Last year the company announced a supply chain review, but only days into the new year it announced the shocking news that it intends to close down the entire site by the end of 2011 with the loss of all jobs. It wishes to outsource chocolate refining for Cadbury, a specialism long performed to a very exacting standard in Moreton, to an unspecified supplier. It plans to invest £7 million in two other sites, Llantarnam in Wales and Edinburgh, as well as consolidating its distribution operations, again to an unspecified place.
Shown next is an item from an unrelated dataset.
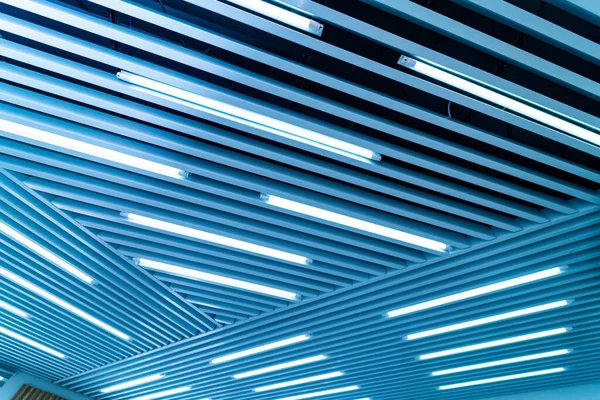 Abstract blue line pattern ceiling. Geometric hitech office interior.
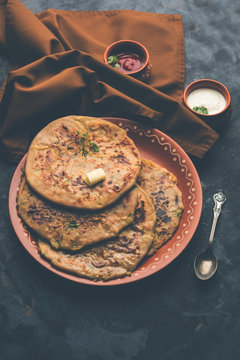 Aloo Paratha / Indian Potato stuffed Flatbread. Served with fresh curd and tomato ketchup. selective focus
We are at the beginning of the statutory 90 days of consultation that must by law precede redundancies. The work force, their representatives and I are determined to use that period in the most constructive way that we can to try to persuade Burton’s Foods to change its mind about this disastrous decision. My first priority is to work with all interested parties to win the battle to save these jobs, which why I am so pleased that the Minister of State, Department for Business, Innovation and Skills, the hon. Member for Hertford and Stortford (Mr Prisk), is here to answer the debate tonight. I have given him advance notice of the questions with which I hope he can help me, so that we can give the work force the best chance of saving their jobs and avoiding the devastating effects that closure would have on the communities I represent. I shall return to those considerations, but first I want to deal with the developing situation in more detail.
I am grateful to Burton’s Foods for agreeing to make available the information on which it is basing its decision, but unfortunately it has not yet delivered on that commitment. The so-called data room that will house the information was due to be opened by Monday of this week, but the most recent information I have is that it will not be open until Thursday. That means that two weeks of the 90-day consultation period have already been wasted in waiting for the promised information to be provided. There are also serious worries that the quality, accessibility and level of detail of the data will not be good enough to facilitate a testing analysis of the company’s approach to the closure decision. I make this plea to the company: for speed and transparency, please co-operate with us and make available all the information in an easily accessible way. We aim to generate different proposals that offer a viable alternative to the decisions that the company has made in its supply chain review.
Sadly, we have been in this position before with Burton’s Foods. In 2007, the company earmarked the factory for total closure, but that was just months after the expiry of legal obligations it had agreed to in 2001 to access £4 million-worth of regional selective assistance from the regional development agency and rates rebates from the local authority. After that closure announcement, the work force were escorted off the site by security guards who had been hired specifically for the purpose. After that rather difficult beginning, we, together with the work force and their representatives, and after a successful campaign in the local community and this House, persuaded the company to change its mind. On 15 August 2007, a memorandum of understanding between the management and the Unite union, on behalf of the employees, was signed, saving manufacturing at the site and safeguarding a total of 437 jobs. In exchange for an undertaking that there would be no major restructuring on the site before May 2012, the work force accepted the proposed changes, some of which were painful, including new working practices. More painfully, there were 500 job losses despite evidence that the company’s productivity had been increasing consistently year on year.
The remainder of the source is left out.